The Lost Month: How a Failure to Test Blinded the U.S. to Covid-19

Alex Azar had sounded confident at the end of January. At a news conference in the hulking H.H.S. headquarters in Washington, he said he had the government’s response to the new coronavirus under control, pointing out high-ranking jobs he had held in the department during the 2003 SARS outbreak and other infectious threats.

“I know this playbook well,” he told reporters.

A Yale-trained lawyer who once served as the top attorney at the health department, Mr. Azar had spent a decade as a top executive at Eli Lilly, one of the world’s largest drug companies. But he caught Mr. Trump’s attention in part because of other credentials: After law school, Mr. Azar was a clerk for some of the nation’s most conservative judges, including Justice Antonin Scalia of the Supreme Court. And for two years, he worked as Ken Starr’s deputy on the Clinton Whitewater investigation.

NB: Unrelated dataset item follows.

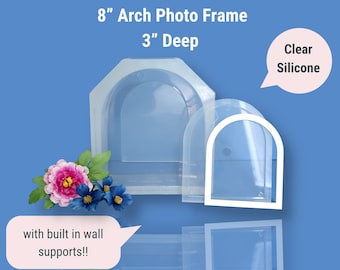 May include: Clear silicone mold for making an 8 inch arch photo frame. The mold is 3 inches deep and has built in wall supports.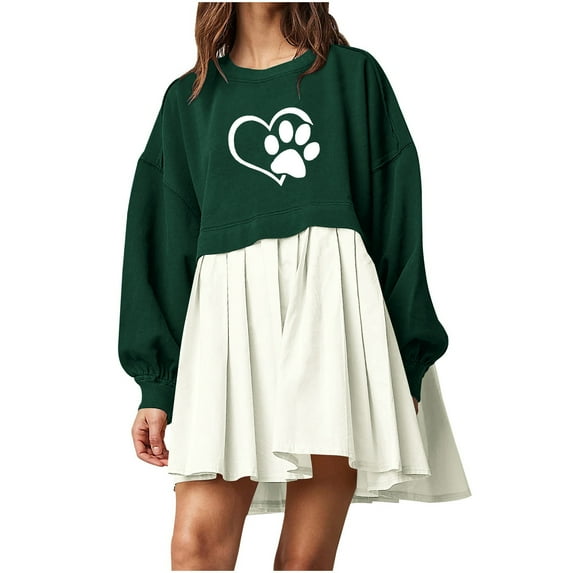 Patlollav Winter Fall Womens Sweatshirt Long Sleeve Dress,Ladies Round-Neck Patchwork Mini Dresses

As Mr. Trump’s second health secretary, confirmed at the beginning of 2018, Mr. Azar has been quick to compliment the president and focus on the issues he cares about: lowering drug prices and fighting opioid addiction. On Feb. 6 — even as the W.H.O. announced that there were more than 28,000 coronavirus cases around the globe — Mr. Azar was in the second row in the White House’s East Room, demonstrating his loyalty to the president as Mr. Trump claimed vindication from his impeachment acquittal the day before and lashed out at “evil” lawmakers and the F.B.I.’s “top scum.”

As public attention on the virus threat intensified in January and February, Mr. Azar grew increasingly frustrated about the harsh spotlight on his department and the leaders of agencies who reported to him, according to people familiar with the response to the virus inside the agencies.

Described as a prickly boss by some administration officials, Mr. Azar has had a longstanding feud with Seema Verma, the Medicare and Medicaid chief, who recently became a regular presence at Mr. Trump’s televised briefings on the pandemic. Mr. Azar did not include Dr. Hahn on the virus task force he led, though some of the F.D.A. commissioner’s aides participated in H.H.S. meetings on the subject.

And tensions grew between the secretary and Dr. Redfield as the testing issue persisted. Mr. Azar and Dr. Redfield have been on the phone as often as a half-dozen times a day. But throughout February, as the C.D.C. test faltered, Mr. Azar became convinced that Dr. Redfield’s agency was providing him with inaccurate information about testing that the secretary repeated publicly, according to several administration officials.

In one instance, Mr. Azar appeared on Sunday morning news programs and said that more than 3,600 people had been tested for the virus. In fact, the real number was much smaller because many patients were tested multiple times, an error the C.D.C. had to correct in congressional testimony that week. One health department official said Mr. Azar was repeatedly assured that the C.D.C.’s test would be widely available within a week or 10 days, only to be given the same promise a week later.